The paper introduces Geometric Deep Learning as a discipline where different deep learning architectures can be understood and designed based on principles of symmetries and invariances. These principles allow neural networks to respect the geometric structure of the data they process, leading to more efficient, interpretable, and generalizable models.

Geometric Priors

The fundamental idea is to exploit known geometric priors of the data domain:

  • Symmetry: Ensuring that the network's output is invariant or equivariant to certain transformations of the input.
  • Scale Separation: Decomposition of input data into multiscale representations to handle variability at different levels effectively.

Domains and Architectures

The research categorizes neural networks into domains:

  • Grids: Traditional CNNs operate on grid-structured data and leverage translation symmetry via convolutions.
  • Groups: Extending convolutional notions to data domains acted on by more complex symmetry groups (e.g., spherical CNNs).
  • Graphs: GNNs handle data represented as graphs, ensuring permutation invariance and leveraging local neighborhoods for node feature aggregation.
  • Geodesics and Manifolds: Considering smooth manifolds where data possesses intrinsic geometric structure, such as meshes used in 3D shape analysis.
  • Gauges: Dealing with structured vector bundles where local frames or gauges must be preserved or transformed consistently under certain conditions.

Key Neural Architectures

Convolutional Neural Networks

CNNs utilize convolutions to ensure translation equivariance and parameter sharing, crucially including pooling layers for hierarchical feature extraction and scale separation. Residual networks (ResNets) improve training depth by introducing identity mappings, interpreted as discretized differential operators.

Group-equivariant CNNs

The extension of CNNs to more complex symmetries involves group convolutions enabling architectures to be invariant or equivariant to groups beyond translations, such as rotations and other orthogonal transformations.
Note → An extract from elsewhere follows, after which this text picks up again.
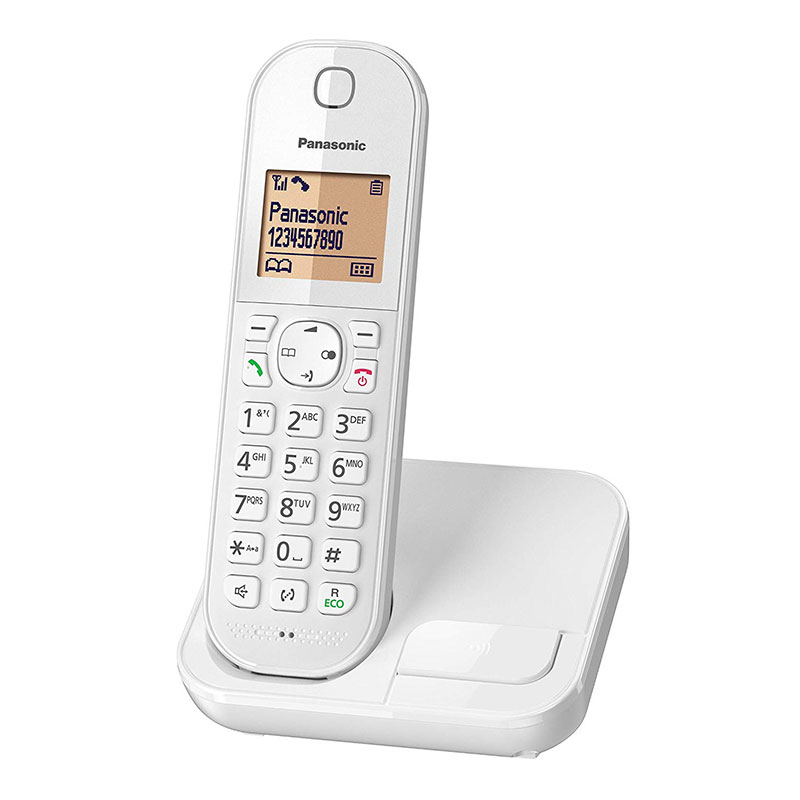 تلفن بی سیم پاناسونیک KX-TGC410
This is particularly useful for data with inherent rotational symmetries like spherical data.

Graph Neural Networks

GNNs generalize convolutions to graphs by local neighborhood aggregation, employing methods such as message passing, attention mechanisms, and even spectral methods derived from graph signal processing. Key flavors include:

  • Convolutional GNNs: Fixed-weight aggregation over neighborhoods.
  • Attentional GNNs: Learning adaptive weights for aggregation.
  • Message Passing GNNs: Computing and aggregating more complex messages across edges.

Geometric Variants

Equivariant Message Passing Networks

Addressing the need for equivariance to specific transformations (e.g., Euclidean transformations in 3D), these networks extend GNNs by ensuring that geometric transformations applied to input data are consistently reflected in the output features.

Intrinsic Mesh CNNs

For meshes representing discrete manifolds, operations such as geodesic convolutions respect the intrinsic geometry of the data. Gauge-equivariant filters can handle local coordinate systems' rotations, providing a robust framework for processing non-Euclidean surfaces.

Applications and Implications

Geometric Deep Learning has broad applications, from 3D shape analysis in computer graphics to molecular property prediction in computational chemistry, enhancing both theoretical understanding and practical performance. The paper suggests that future advancements in AI will focus on better leveraging these geometric and symmetry-based priors, leading to more powerful and generalizable architectures.

Conclusions

The paper serves as a unifying framework for diverse deep learning models through geometric principles, which helps in systematic design and understanding of neural networks. This approach not only yields performance improvements but also promotes interpretability, robustness, and theoretical rigor in model development. Future work will undoubtedly build on this foundation by exploring new domains and invariances, further bridging the gap between mathematical theory and practical AI applications.